A 354-foot, $844,000 pedestrian bridge, to be installed across the Canada del Oro Wash as part of the Oracle Road widening project, is going to help walkers, cyclists and runners get from north to south Oro Valley away from the town’s busiest streets.
The span, downstream from the Highway 77 bridge by about 450 feet and just upstream from the confluence of the CDO and Big washes, is a crucial link in Oro Valley’s eventual trail development.
“This is such a fantastic opportunity to get that bridge in because it’s a significant bridge,” one that would allow connection to major recreation paths in the Cañada del Oro Linear park, and beyond, said Ainsley Legner, Oro Valley parks and recreation director.
“In general, it is connecting Steam Pump Village with Oro Valley Marketplace,” said Linda Ritter, spokeswoman for the Arizona Department of Transportation.
“It should be built mid-spring, and hopefully available by summer,” said Craig Civalier, Oro Valley town engineer.

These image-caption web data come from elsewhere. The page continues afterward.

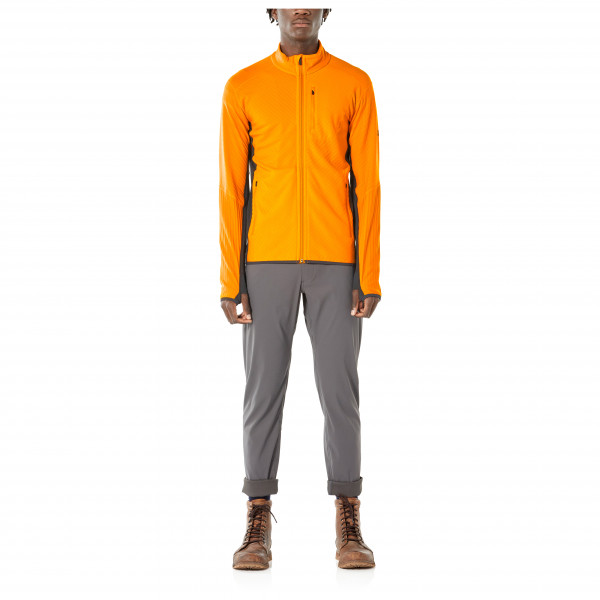 Icebreaker - Descender L/S Zip - Fleecetakki
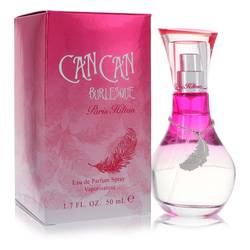 Can Can Burlesque Perfume By Paris Hilton, 1.7 Oz Eau De Parfum Spray For Women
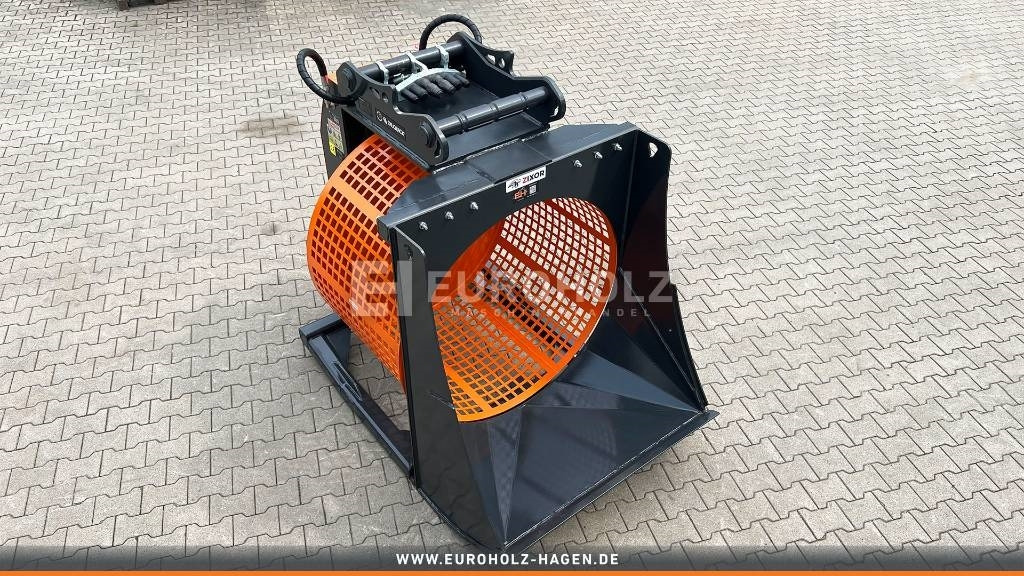 Siebtrommel ZIXOR X1000 OilQuick OQ70/55 - Cazo para Maquinaria de construcción: foto 2 Siebtrommel ZIXOR X1000 OilQuick OQ70/55 - Cazo para Maquinaria de construcción: foto 2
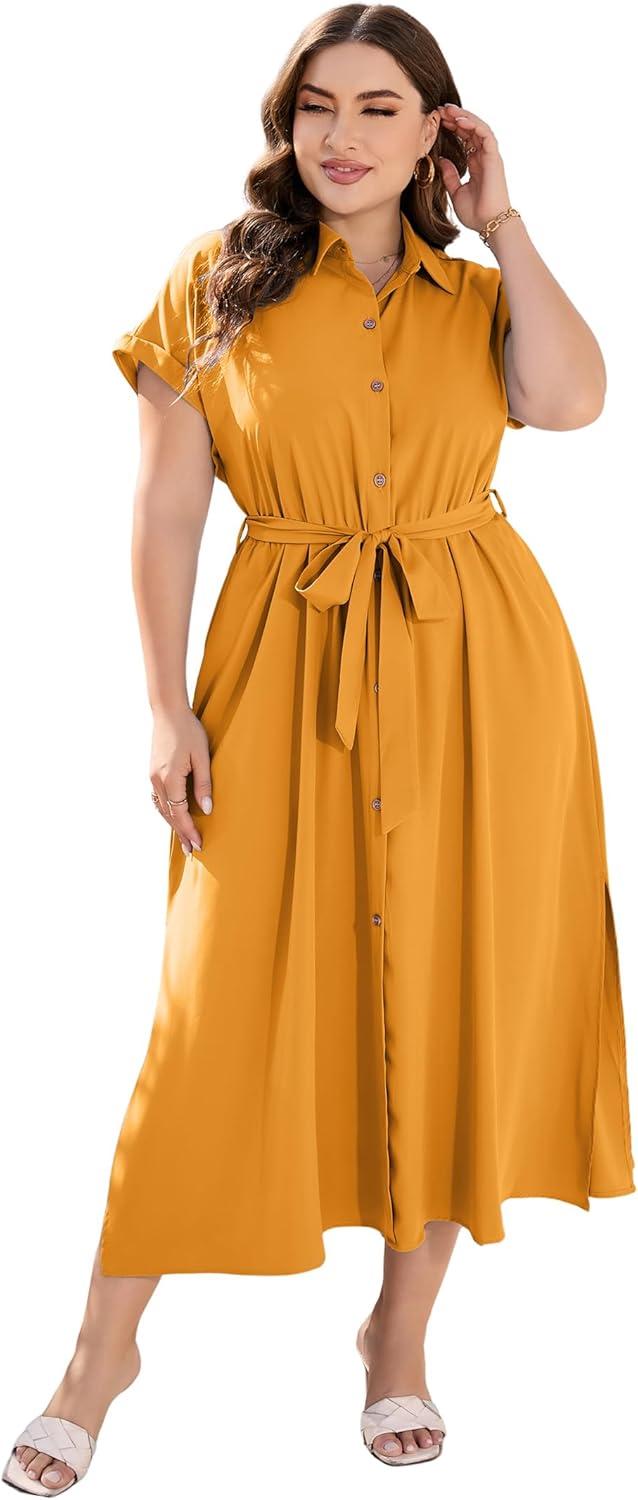 Our Take on the ShopWonder Plus Size Summer Polo Dress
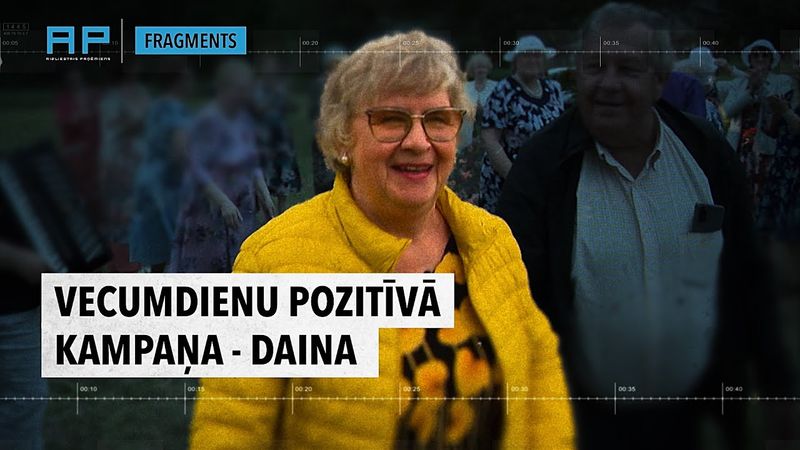 #AizliegtaisPaņēmiens - vecumdienu pozitīvā kampaņa. Daina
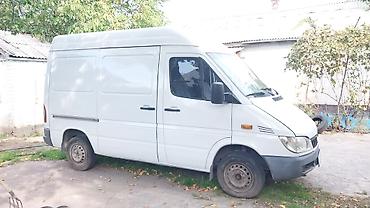 ман 403: Mercedes-Benz Спринтер: 2002 г., 2.2 л, Механика — 3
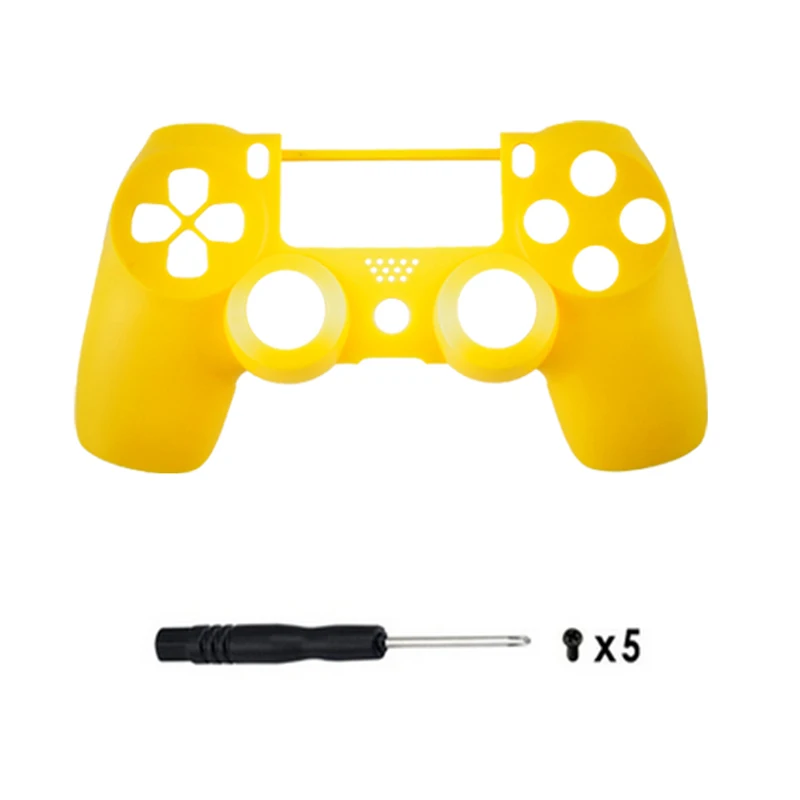 Твердая передняя оболочка для PS4 Slim Pro Jds 040, сменная матовая передняя оболочка для PS4 Pro Slim JDM-040, контроллер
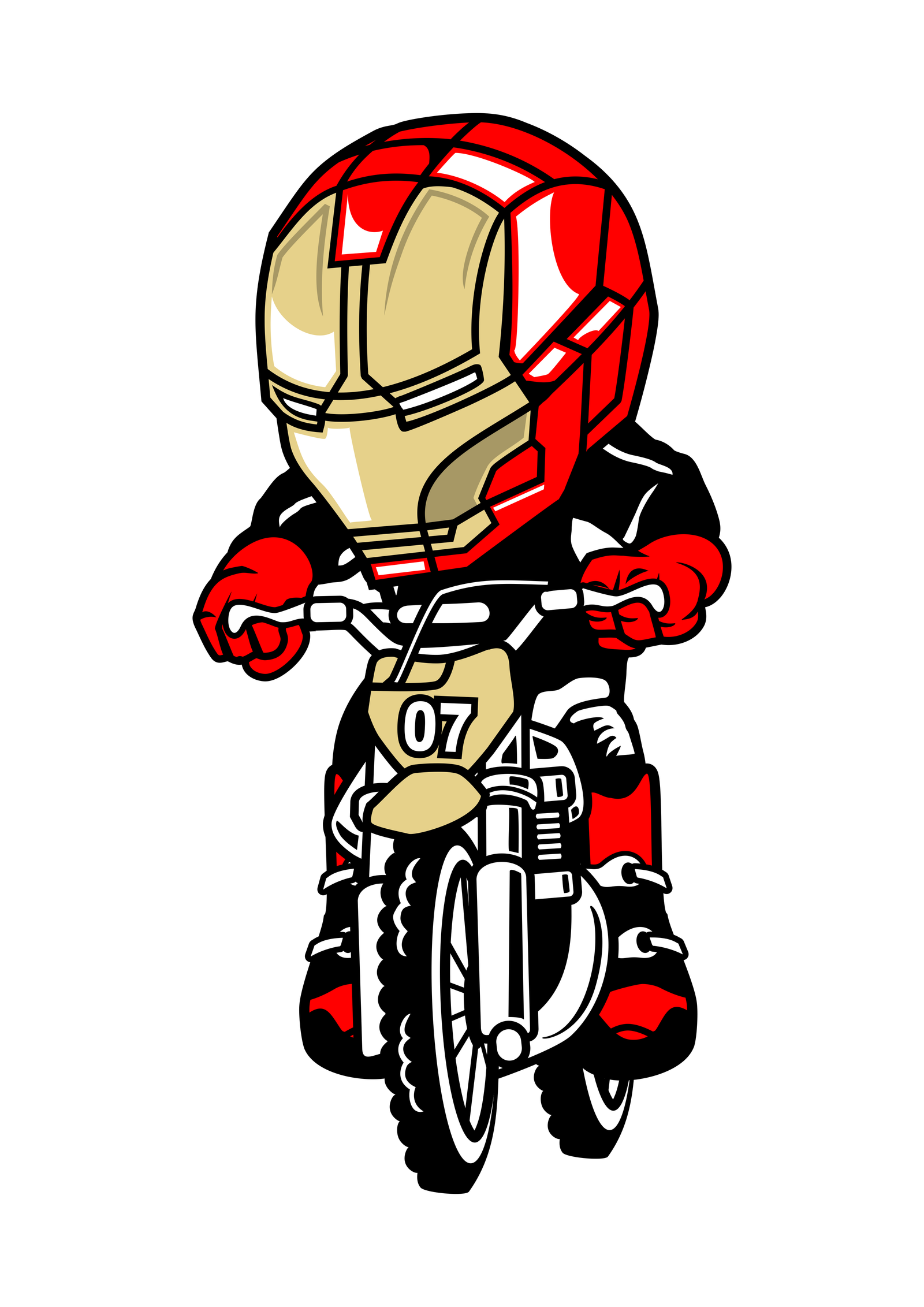 Iron Man Biker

ADOT is putting $250,000 toward the bridge, and the town of Oro Valley has contributed $594,000. The structure is a twin I-beam, galvanized steel bridge with guardrails, handrails and a poured concrete deck, all of it atop concrete piers. ADOT secured special permission from the Pima County Flood Control District to build the bridge in a flood plain, Ritter said.
Oro Valley Marketplace developer Vestar was originally asked to build a sidewalk along Oracle Road. There was “no good way for them to do it,” Civalier said, so the disconnected path option was pursued.

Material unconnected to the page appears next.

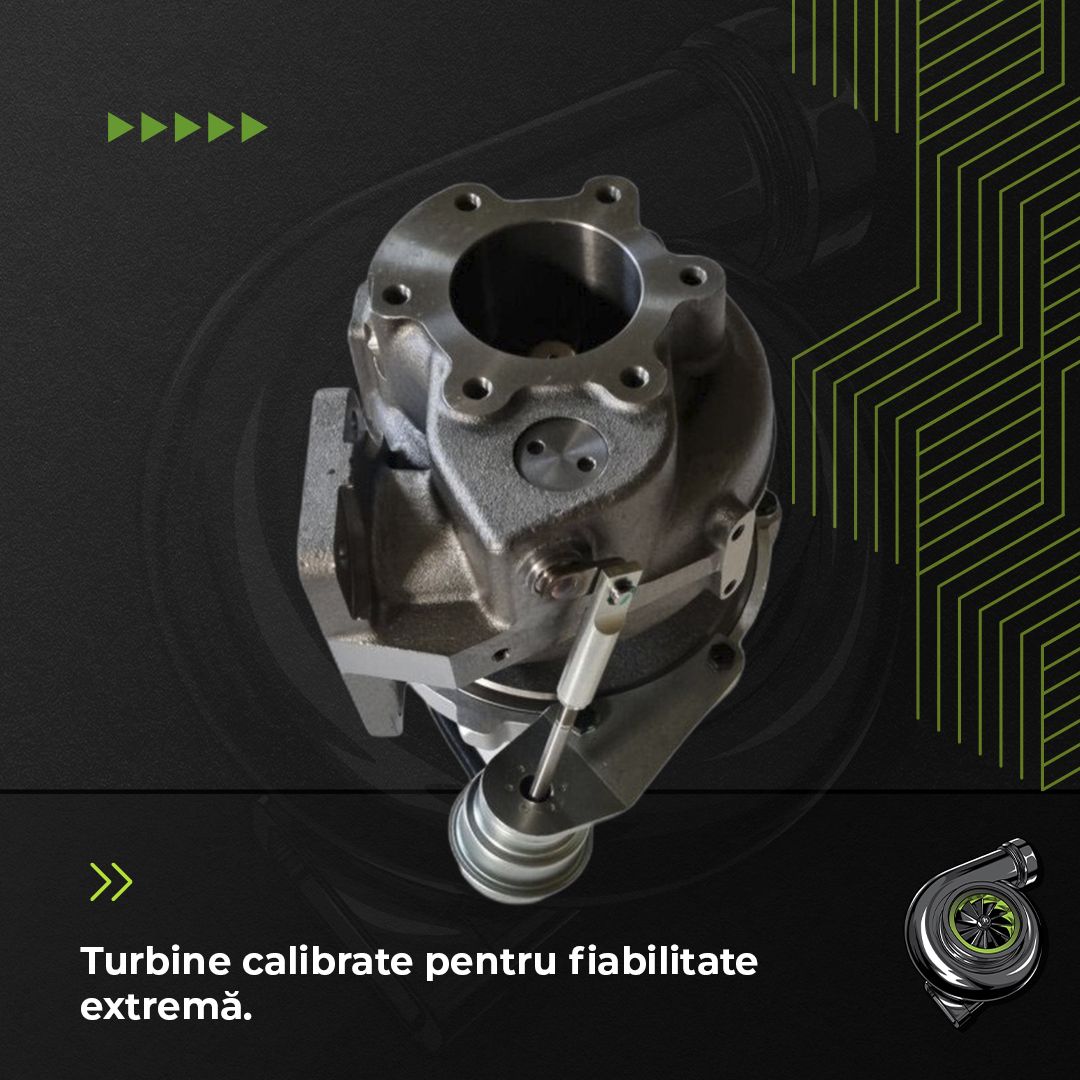 Turbina MERCEDES-BENZ ACTROS MP2 / MP3 4144 K 320 KW / 435 CP Noua - Image 6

“We think it’s safer … to bring the pedestrian traffic onto the path and away from Oracle Road,” Civalier said. “That’s one of the reasons that pedestrian bridge is being built where it is, to keep people away from traffic.”
The new bridge will “come in sections,” said Civalier, “similar to the bridges we installed on the CDO Linear Park.” A 2.7-mile link on the CDO wash from La Canada to First Avenue has been completed within the CDO Linear Park.

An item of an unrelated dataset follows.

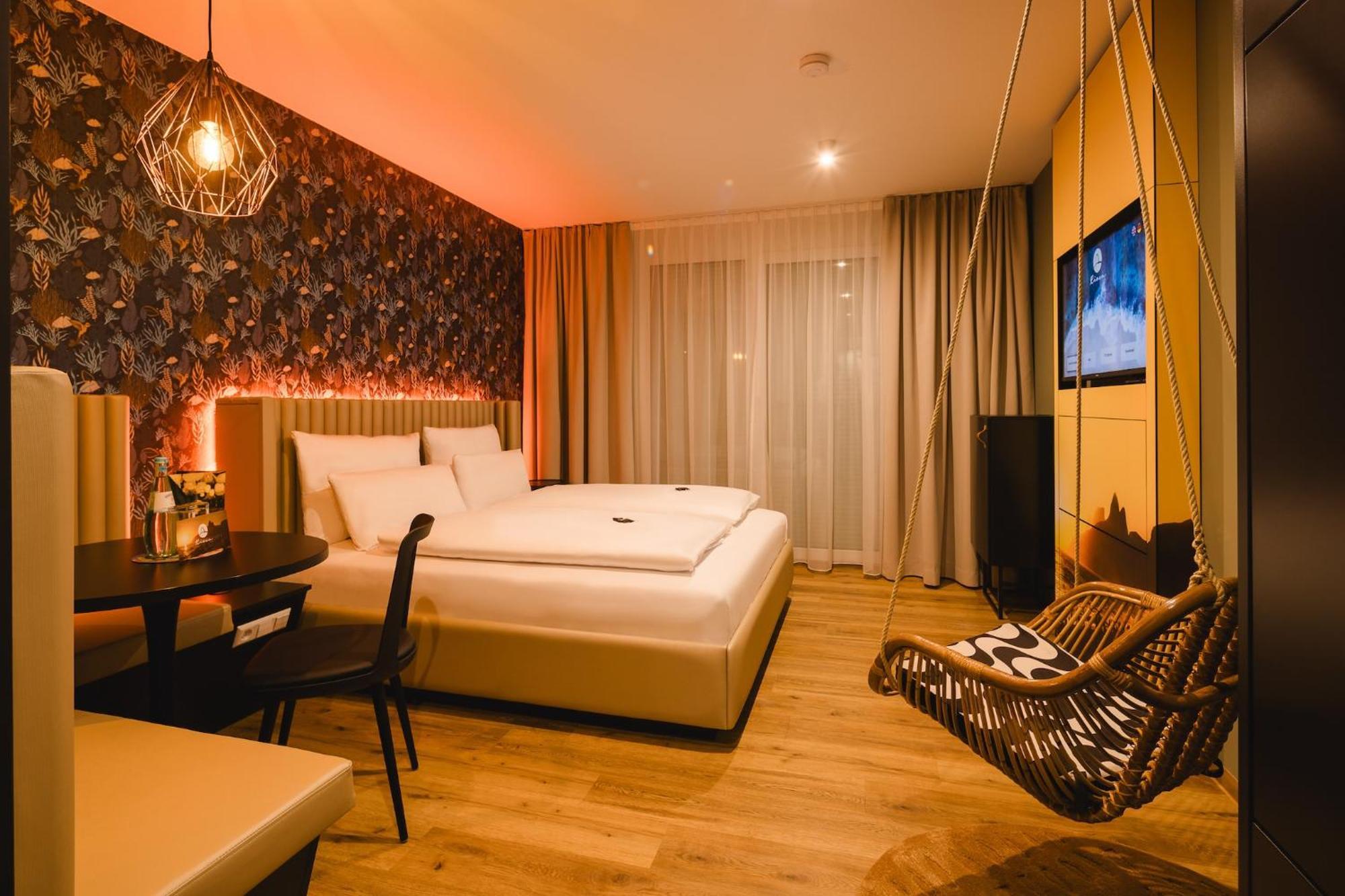 Rioca Stuttgart Posto 6 Hotel Bagian luar foto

Still to come is a section of path west of and behind Steam Pump Ranch. Civalier said the town is pursuing funds to build a bridge across Foothills Wash north of the Honeywell plant, and money in general to finish the work.
“It’s a matter of going out and trying to secure some funds for it,” Civalier said.
Grant funding and money from other sources is “hard to come by” in a time of economic struggle, Civalier allowed. “We’ve got a plan, and when we can get money we’re going after it.
“It’d be nice if it would get completed,” he said. “For me, the funding can’t come fast enough to finish this.”